How ARK is redeeming fear
Wood believes that the market often "spits the baby out with the water", creating price anomalies that have nothing to do with the real state of the business. She attributes the sharp movements of quotes in the AI sector to the dominance of algorithmic trading, whose systems do not take into account the qualitative difference between companies.
"Algorithms don't do the kind of research that we do. That's why we focus on our positions with the highest degree of conviction. The market itself gives us that opportunity."
During downturns, ARK Invest shifts capital from a broad list of securities to a narrow group, though Wood does not name specific companies. At the same time, she insists that selling during drawdowns is a mistake:
"Do you remember last April? Remember, there was a sharp downturn then, and many people were very scared. Even those investors who usually remain calm and are used to volatility were shaken last year. Anyone who sold assets in that dramatic moment regretted it for the rest of the year"
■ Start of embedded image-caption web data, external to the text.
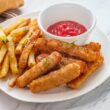 CMS de Peixe: O Segredo Gastronômico que Vai Revolucionar Seu Prato Favorito!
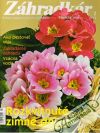 Kolektív autorov - Záhradkár  2/2004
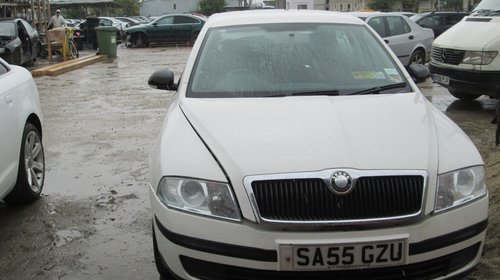 Skoda Octavia II 1.9 tdi BJB,BXE,BKC,BLS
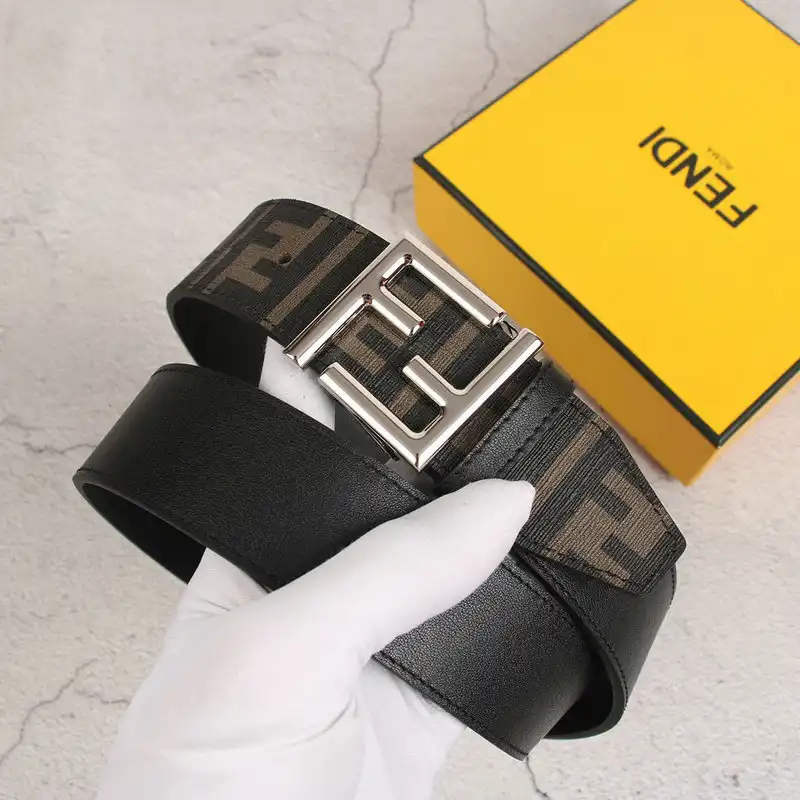 Fendi Belts 2111XA0062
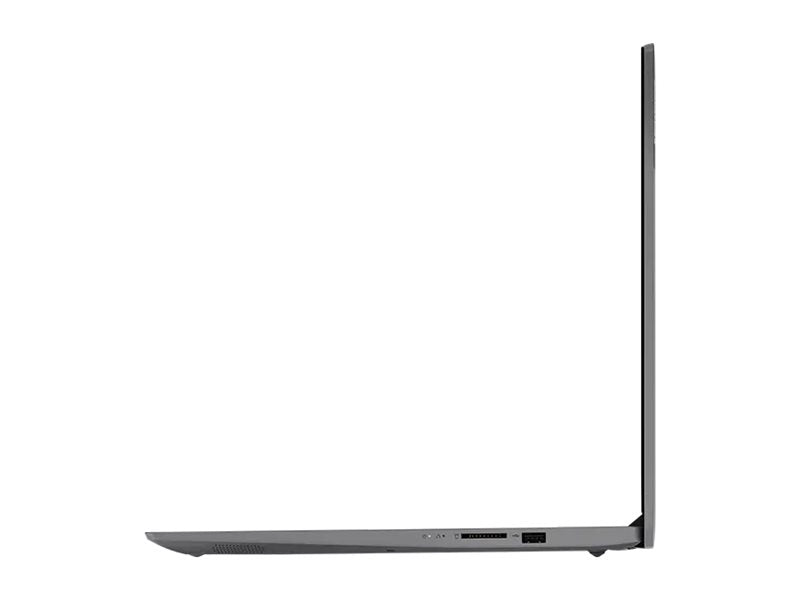 Lenovo 17" Laptop – Intel i5, 512 GB SSD, 8 GB RAM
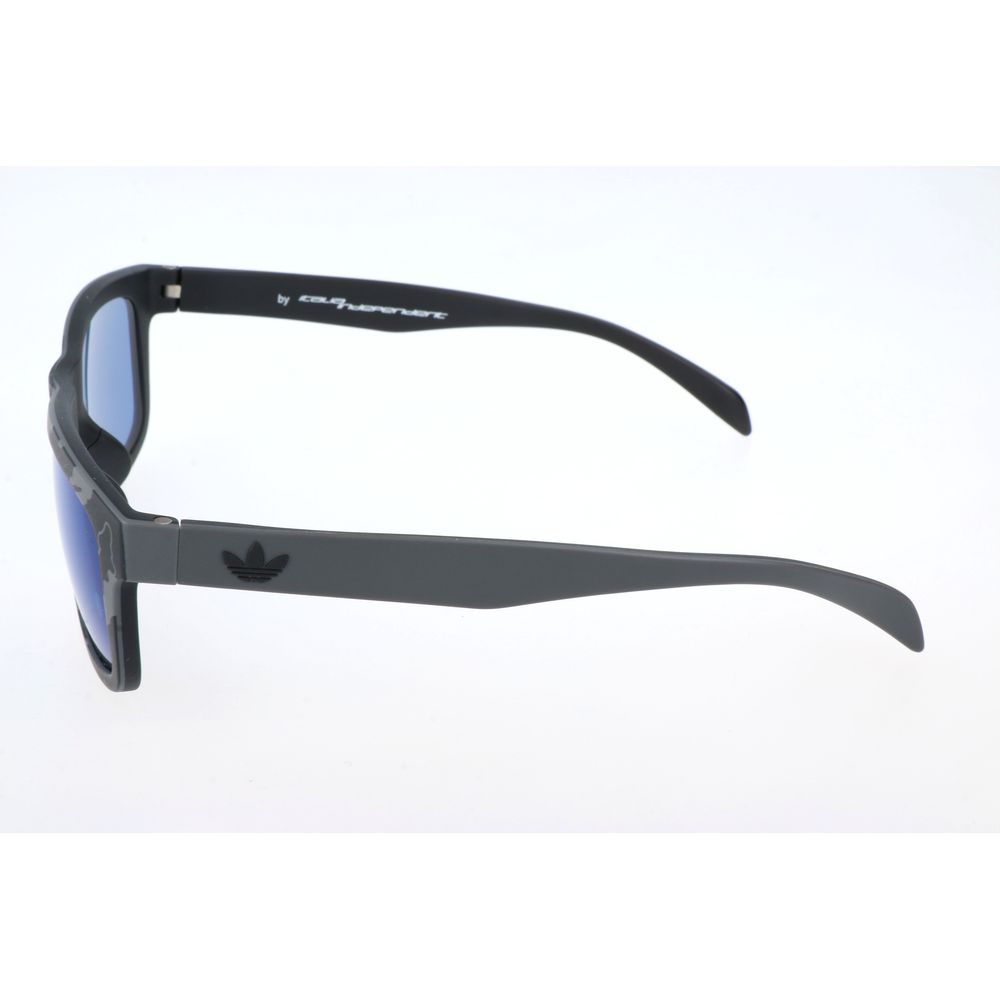 Adidas Zweifarbige Sonnenbrille aus Acetat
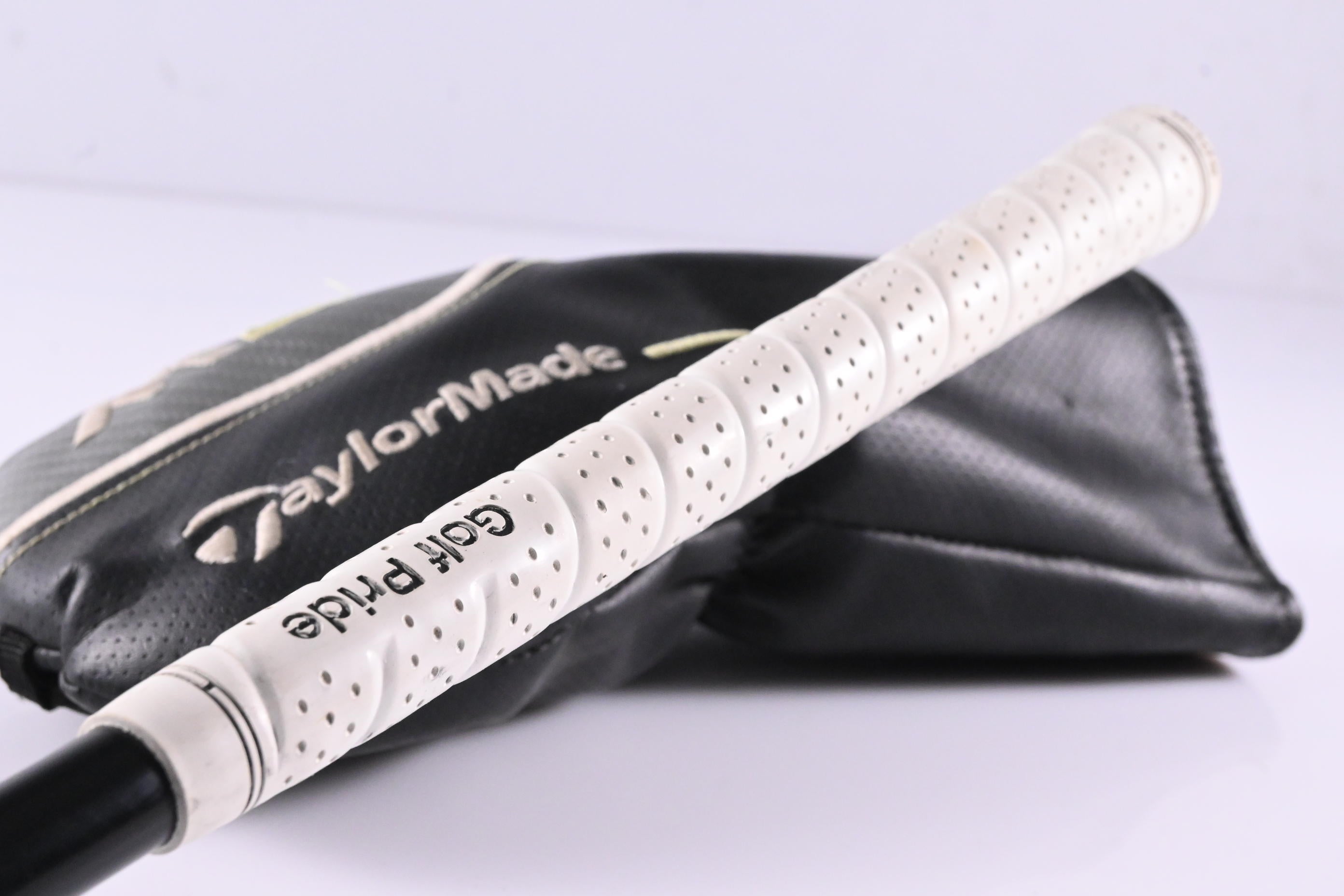 Taylormade M2 2017 #3 Wood / 15 Degree / X-Flex Project X HZRDUS Yellow 63 Shaft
Another reason for portfolio concentration, Wood says, is the expected market shift from traditional software-as-a-service (SaaS) to agent-based AI platforms (PaaS). In her opinion, instead of one-size-fits-all solutions, companies are increasingly choosing platforms customized for their individual tasks.
The price of fighting for leadership in AI
Wood takes a counter-cyclical stance on bloated bigtech budgets. While the market is penalizing Google, Meta, Microsoft and Amazon for falling free cash flow, the ARK head argues that they have an obligation to spend even more aggressively. From her perspective, in the race for "agency AI," saving money now will lead to strategic defeat. For Wood, the issue isn't the current quarter's margins, but the ability of these corporations to take their place in the new technology hierarchy.
As an argument for her strategy, Wood cites Palantir's results. She uses the company's metrics to demonstrate how artificial intelligence is changing the economics of business in practice. In particular, she points out that the company's commercial segment in the U.S. grew 142%, and this abnormal jump occurred while the sales force was downsized.
For Wood, this is an example of the mindset that modern businesses need to develop. In her opinion, companies that do not adapt to such changes will inevitably lose out to competitors.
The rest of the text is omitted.